The driver who killed her, Michael Vahey, swung out of the traffic lane, which was apparently congested, and into the bike lane, which was protected only by plastic flex posts. He put his pedal to the metal, drove over the flex posts, and was apparently going more than 50 mph when he hit Dr. Friedes from behind. It's highly possible that she was unaware she was about to die until he hit her. 

Vahey was performing his special version of a traffic maneuver that drivers perform all the time on multilane streets and highways: jump to the left or the right, depending on where you're starting, and then stomp on the accelerator. It's called passing. Such a maneuver can be performed safely, but safety requires caution and a high level of situational awareness, two things that are not always present in a motorist.

Tree pit, Lombard street.


Denying the motorist a second, or passing, lane will largely eliminate this behavior. It also will reduce average speeds of motor vehicles on the street, because, on a one-lane street, the fastest speed is set by the slowest driver. There's no way around someone who's driving the speed limit. On a multilane street, the fastest speed is set by the fastest driver - the Barney Oldfield of the crew.
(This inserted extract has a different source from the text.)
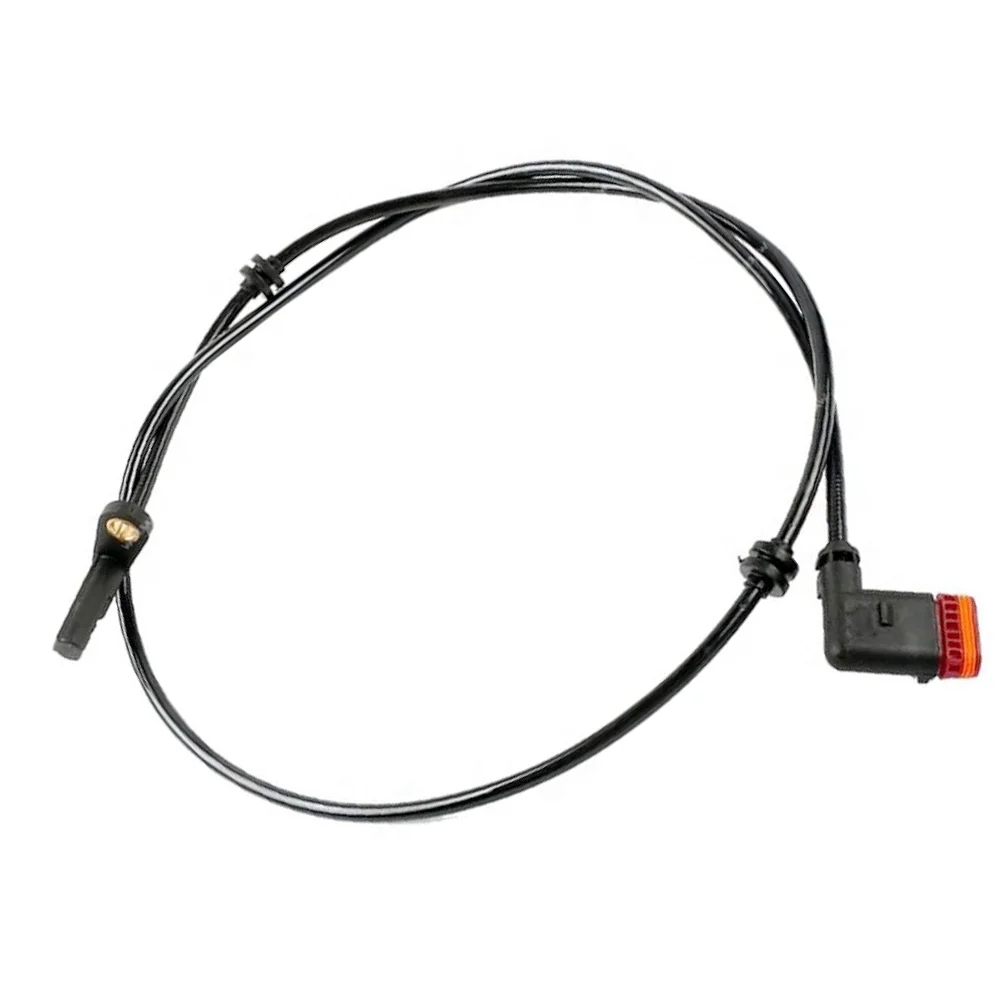 A2045401317 Rear Left / Right ABS Wheel Speed Sensor For MERCEDES-BENZ X204 GLK200 GLK220 GLK250 GLK280 GLK300 GLK320 GLK350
I do understand the attraction of driving fast. I was a boy in America in the fifties and the sixties. I read Road & Track and Car & Driver. Among my childhood heroes were Dan Gurney, Stirling Moss, and Juan Fangio. My father, on the other hand, was partial to - yes - Barney Oldfield, and also Wilbur Shaw.

I have said goodbye to all that. Others still cling to the romance of the open road. I think they need to be guided gently onto the paths of righteousness by appropriate design of our streets. 

South at 15th.


See also Defense Doesn't Win WarsRunning of the Bulls on Lombard Street; Willoughby Avenue, Fort Greene, BrooklynIs It a Curve or Is It a Turn?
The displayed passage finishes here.